Why do we feel we need to be in control all the time and in every situation?

For Margie, her intent was not to be rude to the actual hostess. The reason Margie took on the responsibilities of the hostess, and the reason many of us do it, is to feel safe. If she could ensure everyone was happy, no one would attack her. If nothing broke, she couldn’t be blamed. If nothing went wrong, there was nothing for her to feel guilty about. If she took care of everything, then she was safe and secure. Control is a security blanket in a scary uncertain world.

Did you know there is a better way to feel safe? Do you know there is a more relaxed way to be productive?

Instead of holding an iron first around everyone and everything around you, try letting go. Control binds us keeping us closed off and small. Releasing our feeling of responsibility and misbelief in the power of control, we can actually find real contentment.

If we turn to nature, we see that it does not fight to control. A maple tree does not feel responsible for its saplings; the tree naturally releases seeds trusting they will fare well. A stream does not try to direct its course; water simply flows the path of least resistance. A bird does not create an exact flight plan; taking flight the bird trusts its internal guidance system and adapts easily to new wind currents and obstacles.

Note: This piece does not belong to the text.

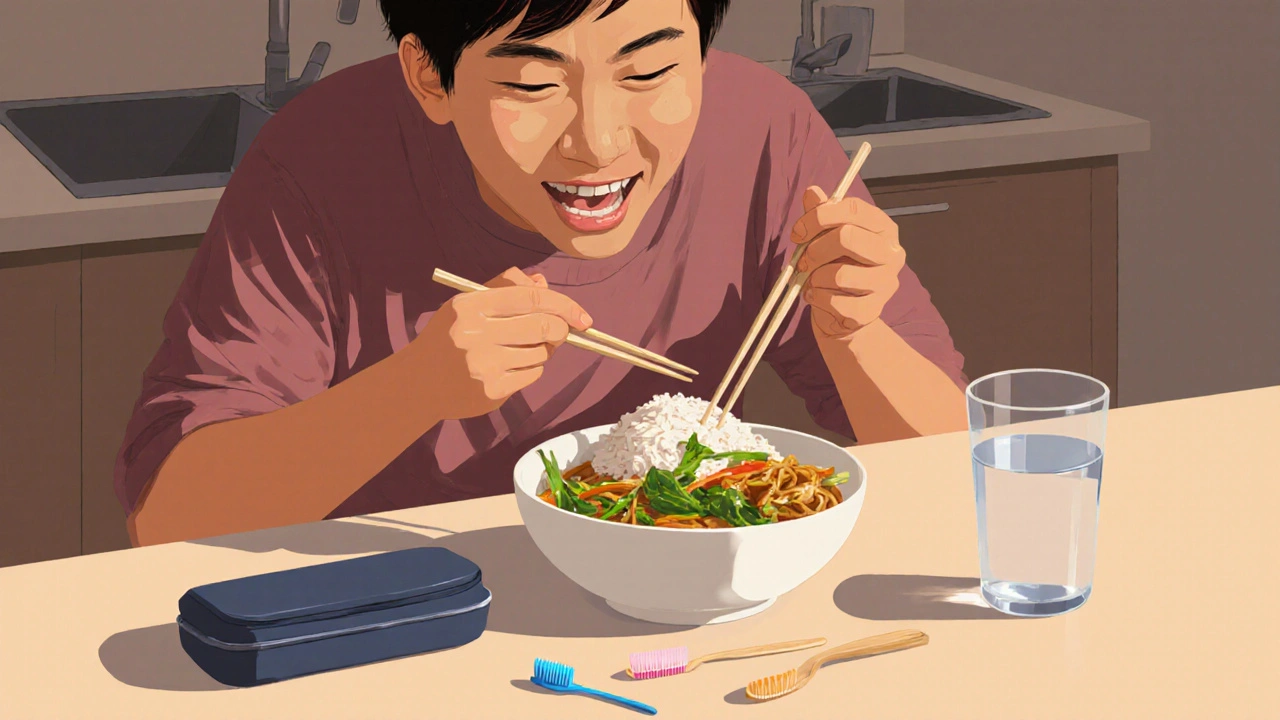 Osoba jí měkké jídlo s fazetami, vedle ní jsou ortodontické čisticí potřeby.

Next time you catch yourself trying to control the uncontrollable, next time you feel tightness in your back as you strain to make something bend to your will, take a breath. Relax. Wait. Instead of forcing what you believe must happen, relax into the flow of what is emerging. We always have choice and action but instead of misbelieving we can create the outcome, relax into the truth of the situation and then like the river choose the path of least resistance. You will find that things happen for the better, with less effort, and in amazing ways you could not have imagined. And you fill find a love of life again.